*** Records supplied

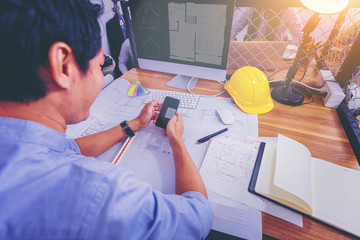 Architectures working sketching on blueprint for architectural project at construction site at desk in office.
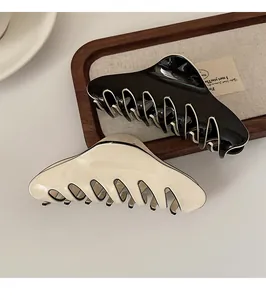 Close-up of glossy black and cream wavy hair claws on a rustic wooden tray decoration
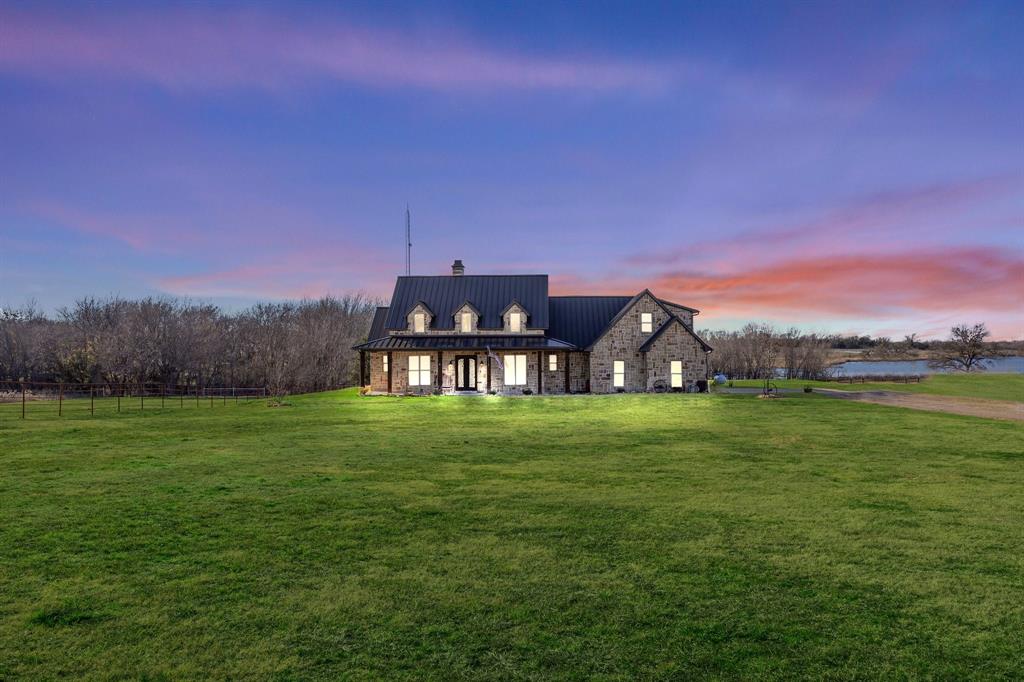 a view of a big house with a big yard and large trees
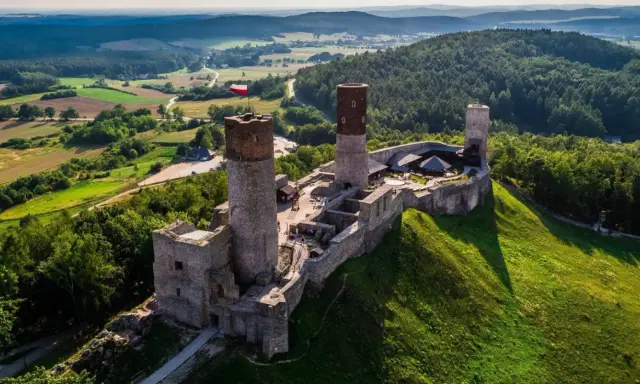 Zamek w Górach Świętokrzyskich, majestatycznie wznoszący się na wzgórzu, otoczony zielenią i malowniczym krajobrazem.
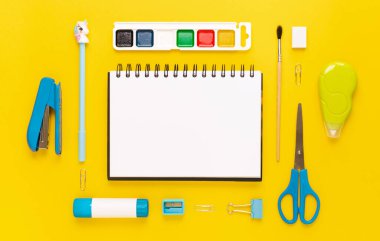 Modern beyaz, mavi, sarı ofis masaüstü, okul gereçleri ve kırtasiye malzemeleriyle dolu. Masanın etrafında mesaj için boş alan var. Okula dönüş konsepti dairesi modelle yatıyordu.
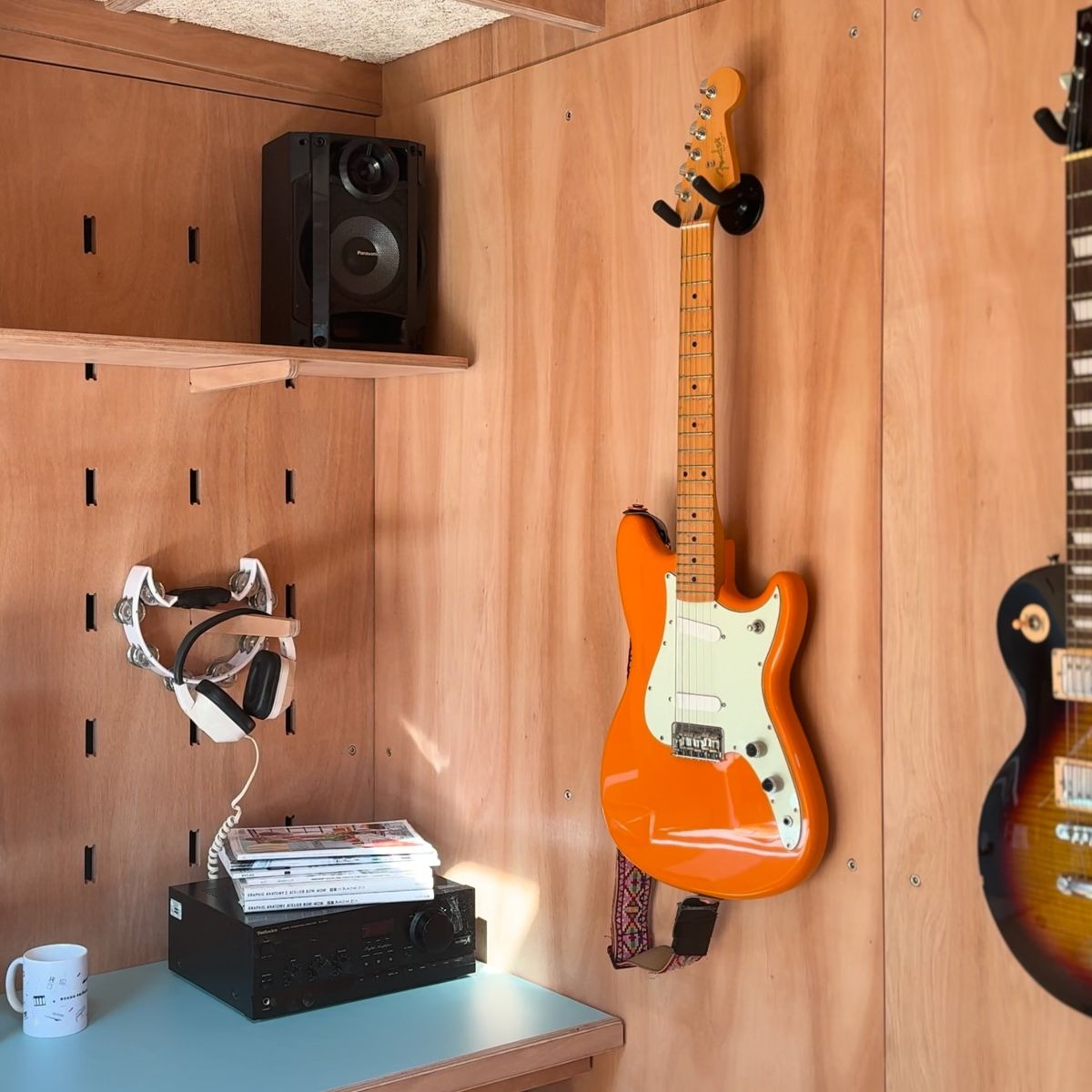 Guitars, headphones and a speaker hung on the plywood peg wall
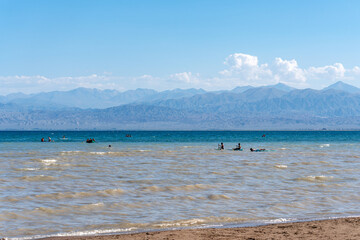 People swim and to paddleboard and boats on a mountain lake on a hot sunny summer day near a sandy beach.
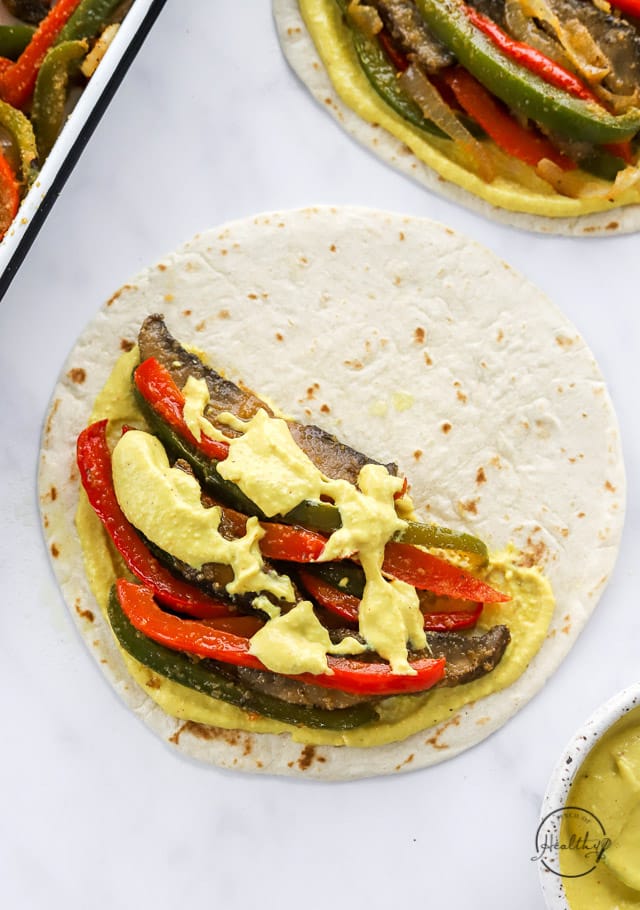 adding cashew cheese sauce to vegan quesadilla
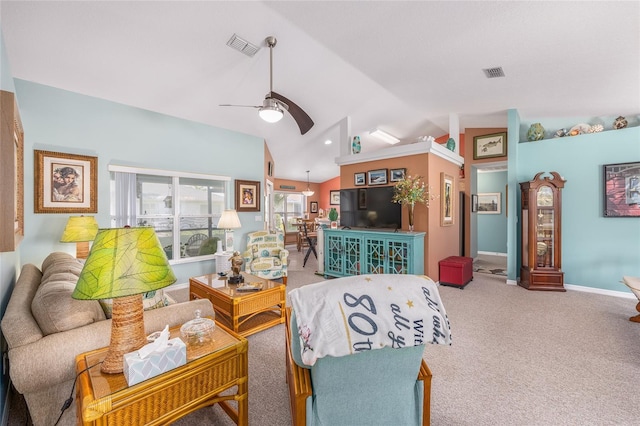 living room with vaulted ceiling, ceiling fan, carpet floors, and baseboards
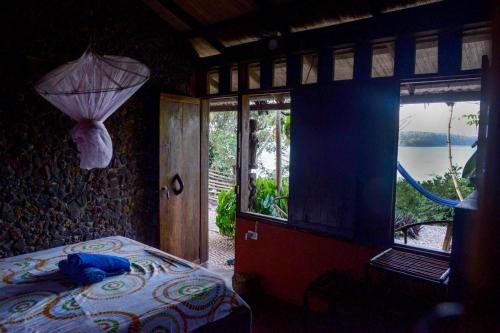 a bedroom with a bed and a view of a lake at Saldomar B&Biosphere in Bubaque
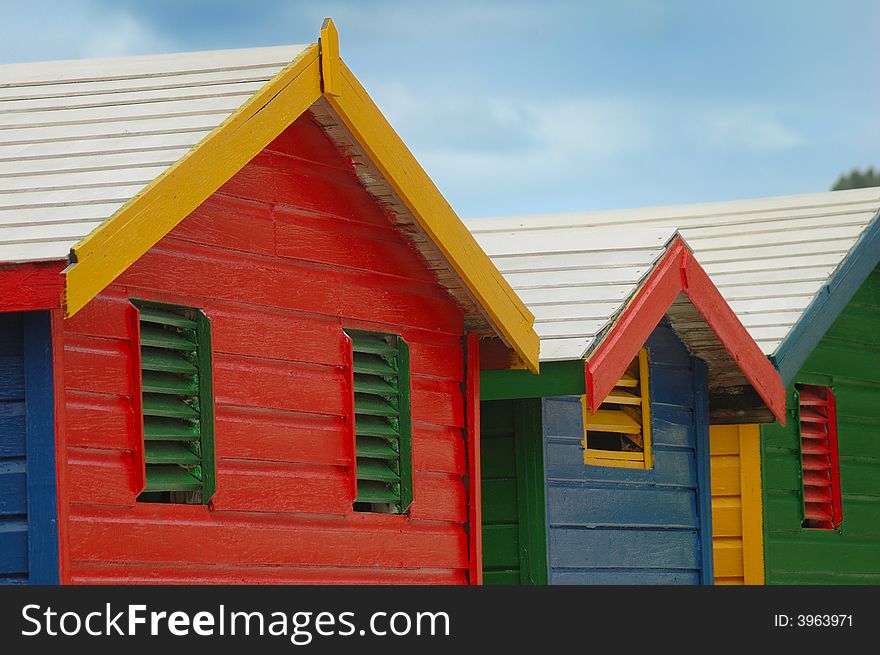 Famous changing huts for bathers on the beach at Muizenberg. Famous changing huts for bathers on the beach at Muizenberg.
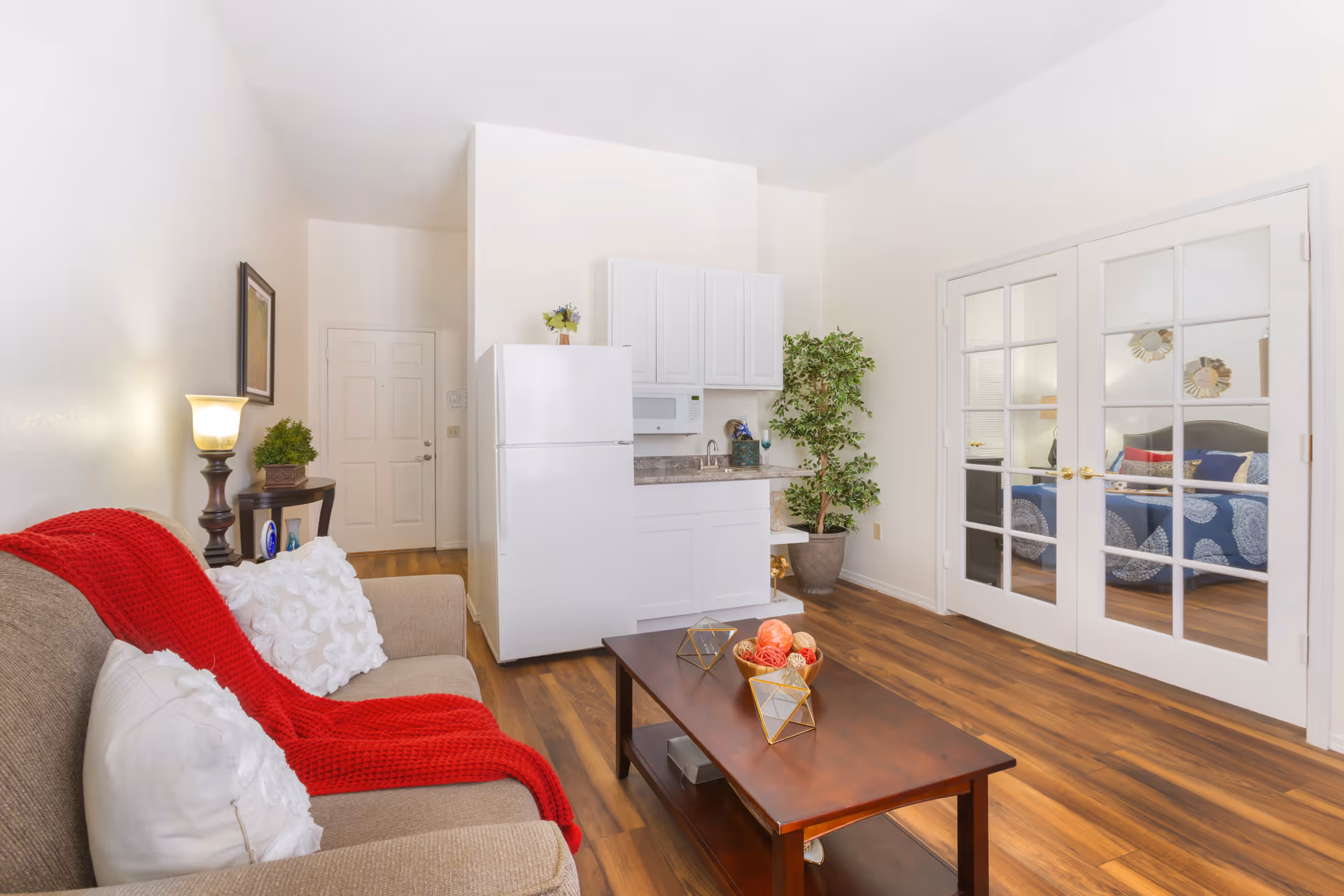 A cozy living room area with a beige sofa draped with a red blanket and white pillows. A wooden coffee table with decorative items sits in front of the sofa. Behind the coffee table is a small kitchenette with white cabinets, a white refrigerator, and a microwave. To the right, glass-paneled double doors reveal a bedroom with a bed covered in blue and white bedding. The room has wooden flooring and a potted plant near the kitchenette.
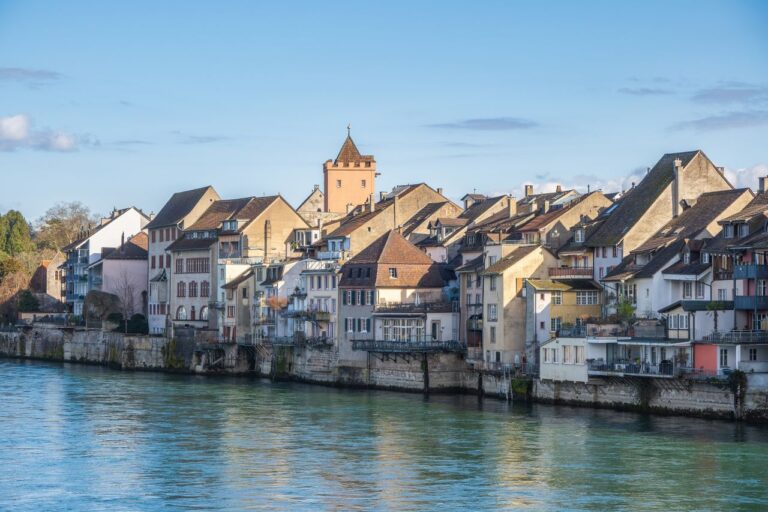 Scenic view of traditional European architecture by the river on a sunny day.
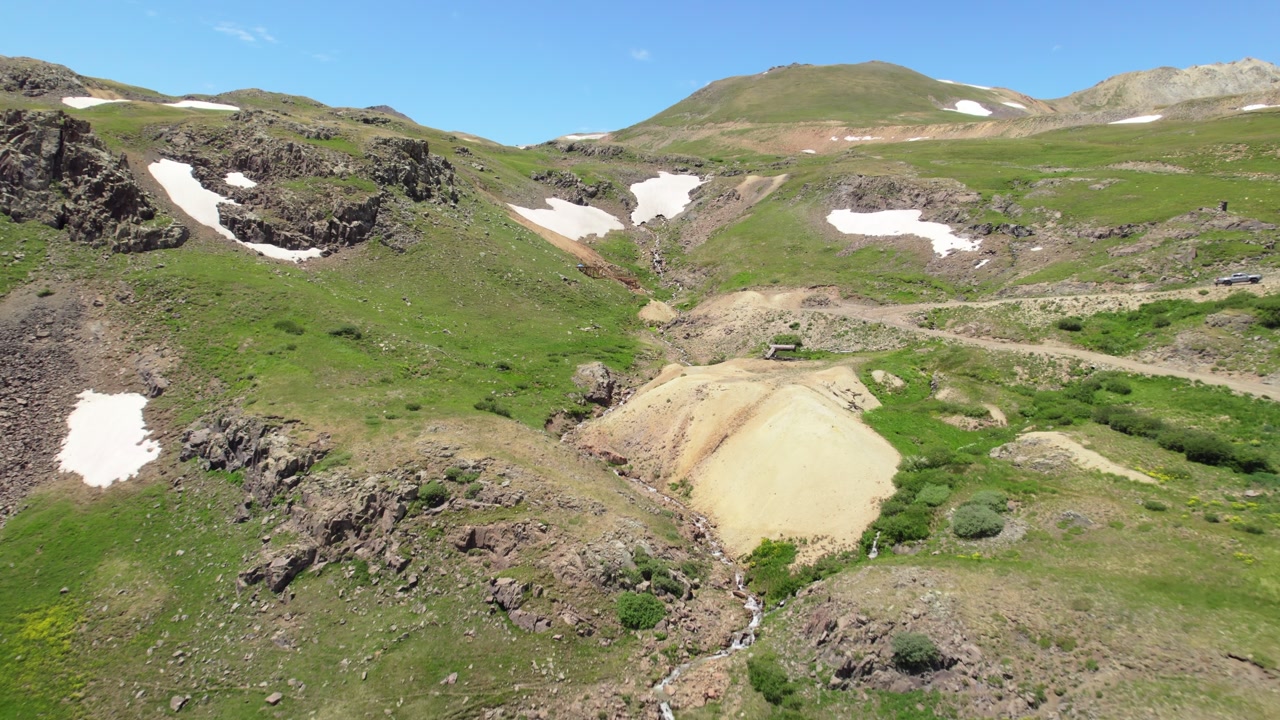 Revealing Drone Shot of Engineer Pass Off Road Trail and old mines in the San Juan Mountains, Colorado in the Summertime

******

*What is expected*
Could you reproduce every record above exactly, leaving out any pictures?

*Answer*
 Architectures working sketching on blueprint for architectural project at construction site at desk in office.
 Close-up of glossy black and cream wavy hair claws on a rustic wooden tray decoration
 a view of a big house with a big yard and large trees
 Zamek w Górach Świętokrzyskich, majestatycznie wznoszący się na wzgórzu, otoczony zielenią i malowniczym krajobrazem.
 Modern beyaz, mavi, sarı ofis masaüstü, okul gereçleri ve kırtasiye malzemeleriyle dolu. Masanın etrafında mesaj için boş alan var. Okula dönüş konsepti dairesi modelle yatıyordu.
 Guitars, headphones and a speaker hung on the plywood peg wall
 People swim and to paddleboard and boats on a mountain lake on a hot sunny summer day near a sandy beach.
 adding cashew cheese sauce to vegan quesadilla
 living room with vaulted ceiling, ceiling fan, carpet floors, and baseboards
 a bedroom with a bed and a view of a lake at Saldomar B&Biosphere in Bubaque
 Famous changing huts for bathers on the beach at Muizenberg. Famous changing huts for bathers on the beach at Muizenberg.
 A cozy living room area with a beige sofa draped with a red blanket and white pillows. A wooden coffee table with decorative items sits in front of the sofa. Behind the coffee table is a small kitchenette with white cabinets, a white refrigerator, and a microwave. To the right, glass-paneled double doors reveal a bedroom with a bed covered in blue and white bedding. The room has wooden flooring and a potted plant near the kitchenette.
 Scenic view of traditional European architecture by the river on a sunny day.
 Revealing Drone Shot of Engineer Pass Off Road Trail and old mines in the San Juan Mountains, Colorado in the Summertime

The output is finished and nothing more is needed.